Page 21 of LaBrava


  “Joe, come on . . .”

  “Don’t ask, you won’t have to worry about it.”

  “You don’t carry a gun anymore, Joe, you’re a civilian now. You and I can talk, I appreciate it; but you got to stay out of it when the time comes. You understand? It’s not anything personal, it’s the way it is.”

  “I know that.”

  “You don’t want to get mad, do something dumb.”

  “I’m not mad at anybody.”

  “Yeah? How come you broke the guy’s arm?”

  “I didn’t mean to. He raised it to protect his head.”

  Torres said, “Oh, Joe. Man, come on . . . You’re kidding me, aren’t you?”

  LaBrava said, “Yeah, I’m kidding.”

  For a while last night he had become detached, able to respond impersonally rather than in a role with conditions. He felt this detachment again and liked the feeling, content to be a watcher, though not for too long.

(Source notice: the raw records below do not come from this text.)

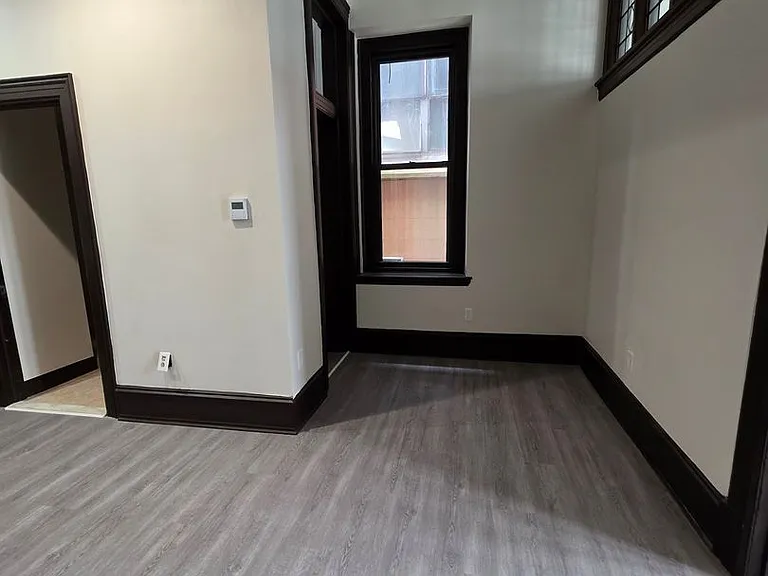 1135 Spring Garden St — Photo 9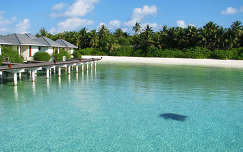 ház trópusi sziget tengerpart stég és móló tenger maldív-szigetek nyár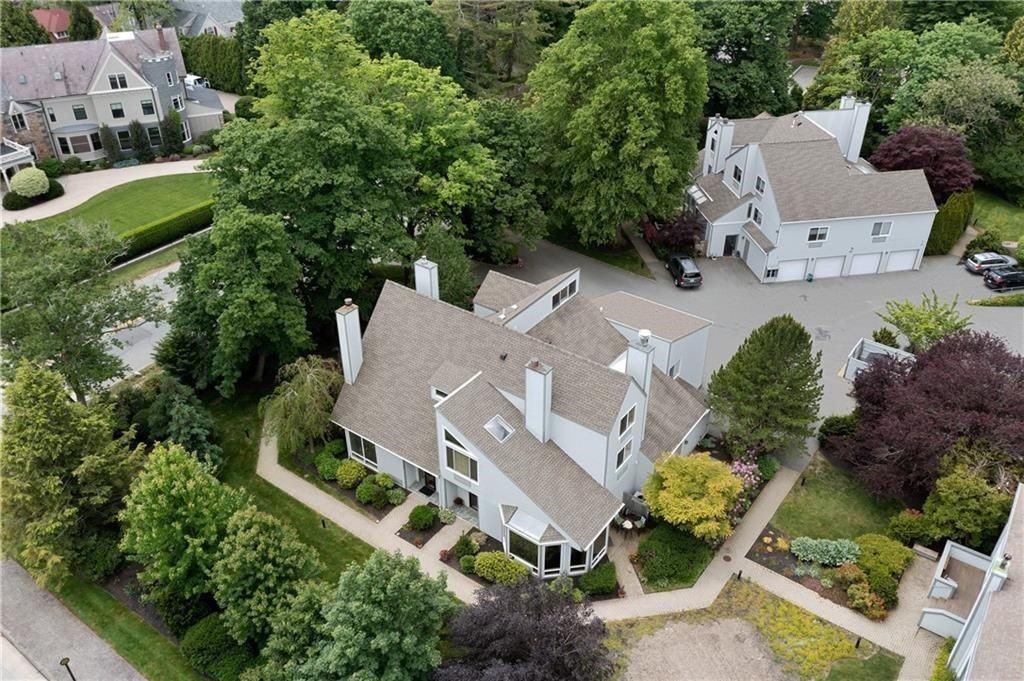 421 Bellevue Ave ##3c - Photo 2 of 25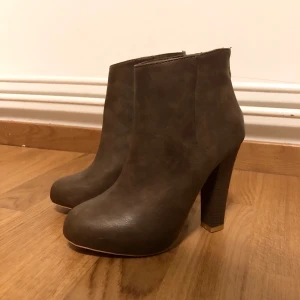 Klackar - Klackar i storlek 37 använda 2 ggr.. Pris kan diskuteras. Köparen står för frakt 💞 Betalning via swish.  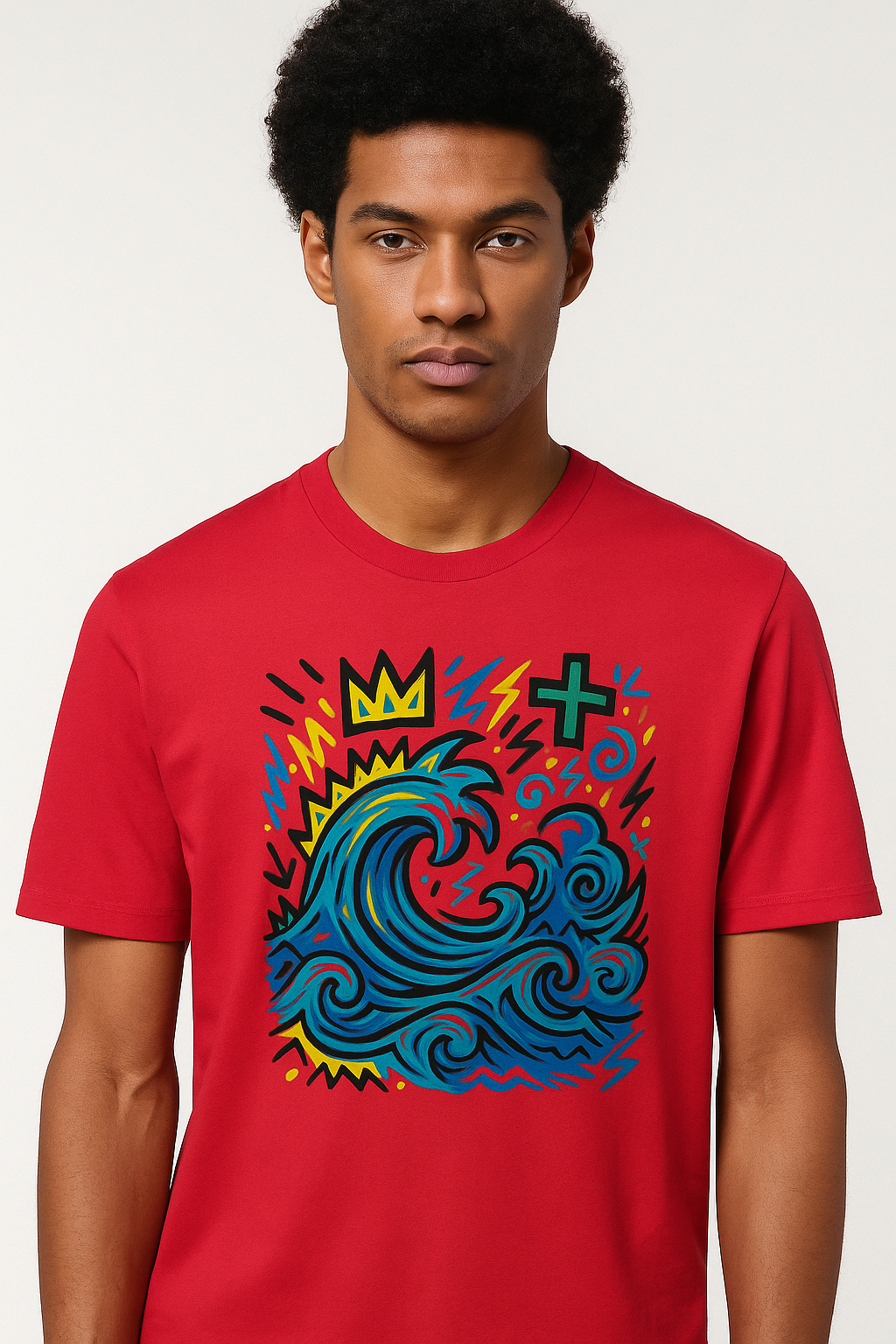 T-shirt Ondja rouge vif unisexe coton bio certifié, motif coloré vague bleue stylisée et symboles graphiques, afro luxe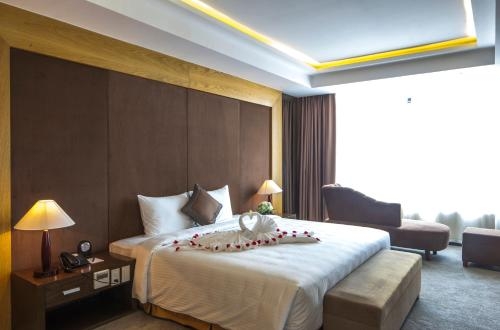 Imagen general del Hotel Muong Thanh Luxury Nhat Le. Foto 4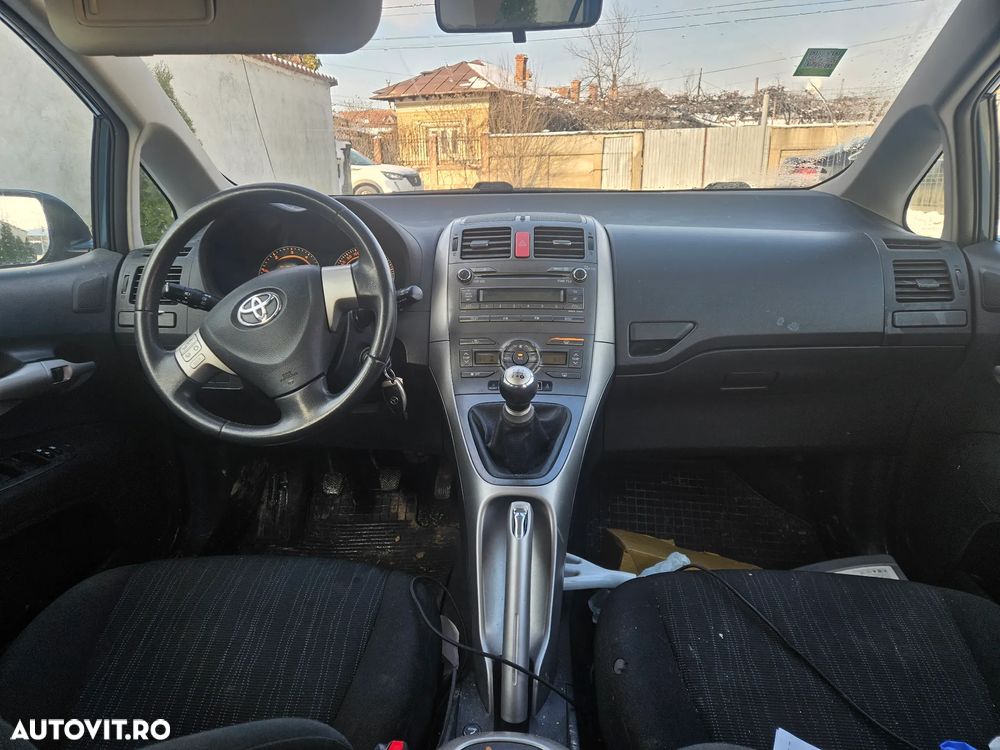 Toyota Auris 1.4 D-4D Luna - 7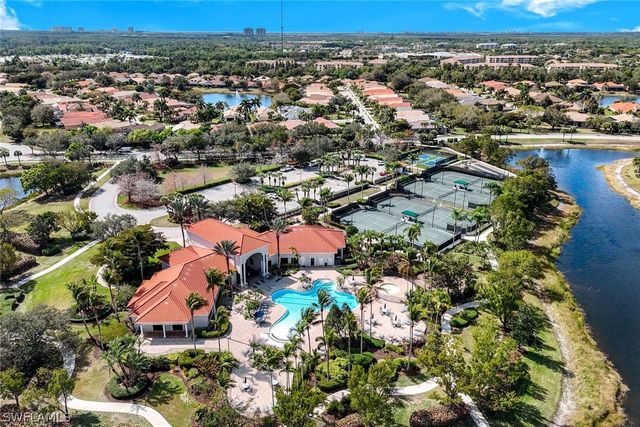 19513 Caladesi DR, Estero, FL 33967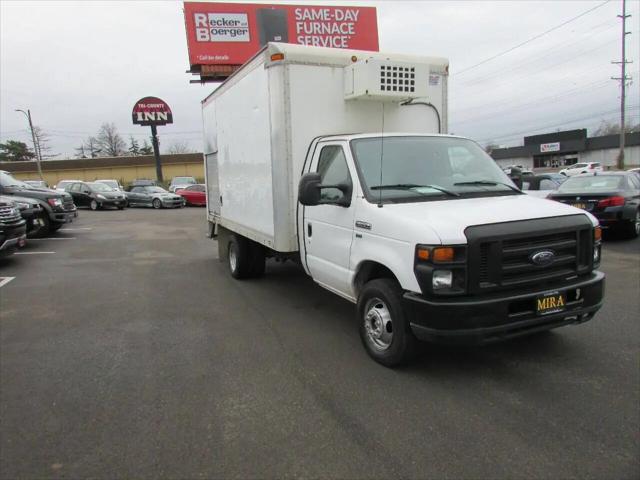2012 Ford E-450 Cutaway E-450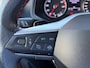 SEAT Arona AUT. 1.0 TSI 110pk FR | Carplay | Climate Control | 17-inch Lichtmetalen Velgen | Cruisecontrol || LED | Parkeersensoren | Bluetooth | DAB | Middenarmsteun | Dakrails |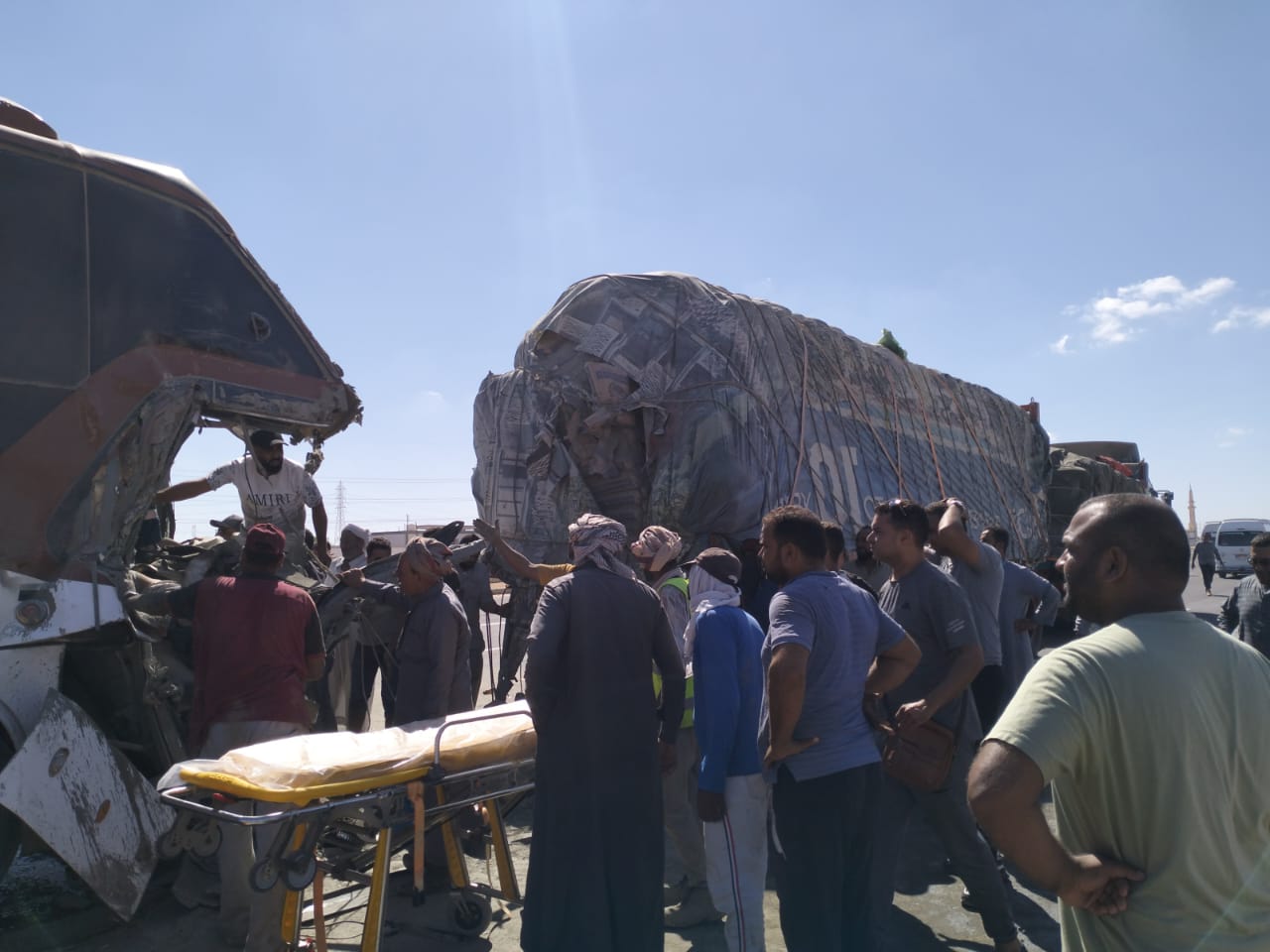 مصرع واصابة 44 فى حادث اتوبيس بطريق مطروح الاسكندرية 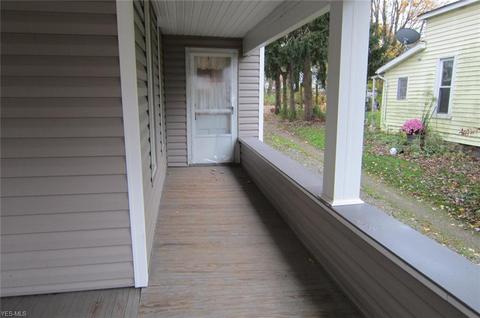 415 E Walnut St, Ashland, OH 44805 photo 5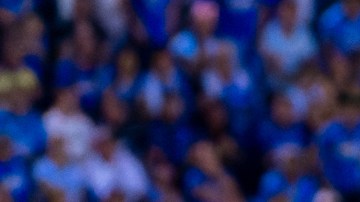 Ciudad de México a 23 de de mayo de 2024. Ángel Malagón y Uriel Antuna, durante el partido de ida de la final del torneo Clausura 2024 de la Liga BBVA MX, entre la Máquina Celeste del Cruz Azul y las Águilas del América, realizado en el estadio Ciudad de los Deportes. Foto: Imago7 / Diego Padilla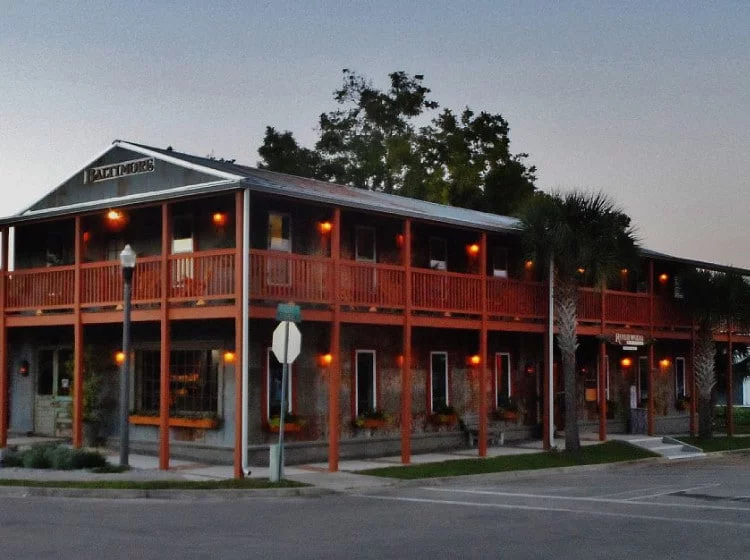 Apalachicola Riverwood Suites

  Mrs. Heffel, the Della Robbia lady who picked up the envelope from the floor and placed it on the marble counter, said it was not so long ago that she found it. She put it there at once. She said she didn’t open it and read it so don’t accuse me. Maurice said, no one is accusing you; these gentlemen want to know what time it was and if you saw anybody in the lobby might have left it. Mrs. Heffel said, I put it over there, I minded my own business, so please don’t accuse me, you don’t know what you’re talking about.

  It was close to four o’clock by the time Jean and then Buck Torres read the note lying open on the marble counter. It was typed on the same kind of steno paper as the first one and said:

  Here we go. Put the Hefty bag with the money in it in the front seat of your car and no place else. You are to drive ALONE north on I-95 to Atlantic Blvd, Pompano Beach. Go over to AIA and drive up to the market on the corner of Spring St. where you see the Coppertone sign (almost to the Hillsboro Inlet) and you will find 4 outside telephone booths. Wait at the second phone from the left as you face the street. Be there at exactly 6 PM ALONE. No cops. No tricks. Or you will be sorry. I am watching you.

  LaBrava read the note and became an observer they let hang around.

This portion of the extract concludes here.